Work required :: Below are the entries; give again exactly the lines from the one mentioning "RUŠTINA PRO ZAČÁTEČNÍKY" through the one mentioning "Königspython (Python regius) Weibchen", inclusive.

Dataset entries ::
_ _ _

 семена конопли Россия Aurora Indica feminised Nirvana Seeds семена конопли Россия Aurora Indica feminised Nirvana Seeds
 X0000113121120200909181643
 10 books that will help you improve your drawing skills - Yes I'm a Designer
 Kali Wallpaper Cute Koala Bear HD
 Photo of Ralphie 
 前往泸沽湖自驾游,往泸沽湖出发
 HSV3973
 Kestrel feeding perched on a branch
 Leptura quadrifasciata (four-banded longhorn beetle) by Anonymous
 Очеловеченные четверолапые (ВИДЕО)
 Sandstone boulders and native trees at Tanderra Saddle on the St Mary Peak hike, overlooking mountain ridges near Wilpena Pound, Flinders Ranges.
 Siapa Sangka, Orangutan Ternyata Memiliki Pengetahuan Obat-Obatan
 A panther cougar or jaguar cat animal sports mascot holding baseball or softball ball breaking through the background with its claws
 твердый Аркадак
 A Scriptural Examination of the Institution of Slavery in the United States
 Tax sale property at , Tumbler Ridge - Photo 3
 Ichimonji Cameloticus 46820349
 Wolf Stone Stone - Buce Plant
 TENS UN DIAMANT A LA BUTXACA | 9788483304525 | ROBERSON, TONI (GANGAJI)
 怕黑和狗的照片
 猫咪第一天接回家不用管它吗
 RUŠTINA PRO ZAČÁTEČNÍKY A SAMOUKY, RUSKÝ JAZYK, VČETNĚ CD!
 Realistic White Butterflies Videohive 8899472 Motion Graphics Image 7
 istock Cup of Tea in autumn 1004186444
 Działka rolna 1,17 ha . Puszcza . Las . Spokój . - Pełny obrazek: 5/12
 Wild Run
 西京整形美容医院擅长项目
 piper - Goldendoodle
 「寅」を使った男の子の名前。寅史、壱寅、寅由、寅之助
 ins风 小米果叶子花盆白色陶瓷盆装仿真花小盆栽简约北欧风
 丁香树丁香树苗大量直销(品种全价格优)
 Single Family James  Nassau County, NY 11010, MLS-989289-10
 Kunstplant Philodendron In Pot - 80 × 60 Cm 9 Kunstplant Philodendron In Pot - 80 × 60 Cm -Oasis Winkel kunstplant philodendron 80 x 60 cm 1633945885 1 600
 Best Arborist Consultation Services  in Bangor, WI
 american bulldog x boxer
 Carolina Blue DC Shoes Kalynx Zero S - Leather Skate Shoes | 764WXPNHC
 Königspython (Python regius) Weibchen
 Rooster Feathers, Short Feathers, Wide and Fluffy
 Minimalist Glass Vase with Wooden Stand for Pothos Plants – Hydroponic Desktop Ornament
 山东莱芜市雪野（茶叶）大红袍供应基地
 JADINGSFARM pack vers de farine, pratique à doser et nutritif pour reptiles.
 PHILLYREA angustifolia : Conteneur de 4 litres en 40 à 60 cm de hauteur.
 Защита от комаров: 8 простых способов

_ _ _

Your solution ::
 RUŠTINA PRO ZAČÁTEČNÍKY A SAMOUKY, RUSKÝ JAZYK, VČETNĚ CD!
 Realistic White Butterflies Videohive 8899472 Motion Graphics Image 7
 istock Cup of Tea in autumn 1004186444
 Działka rolna 1,17 ha . Puszcza . Las . Spokój . - Pełny obrazek: 5/12
 Wild Run
 西京整形美容医院擅长项目
 piper - Goldendoodle
 「寅」を使った男の子の名前。寅史、壱寅、寅由、寅之助
 ins风 小米果叶子花盆白色陶瓷盆装仿真花小盆栽简约北欧风
 丁香树丁香树苗大量直销(品种全价格优)
 Single Family James  Nassau County, NY 11010, MLS-989289-10
 Kunstplant Philodendron In Pot - 80 × 60 Cm 9 Kunstplant Philodendron In Pot - 80 × 60 Cm -Oasis Winkel kunstplant philodendron 80 x 60 cm 1633945885 1 600
 Best Arborist Consultation Services  in Bangor, WI
 american bulldog x boxer
 Carolina Blue DC Shoes Kalynx Zero S - Leather Skate Shoes | 764WXPNHC
 Königspython (Python regius) Weibchen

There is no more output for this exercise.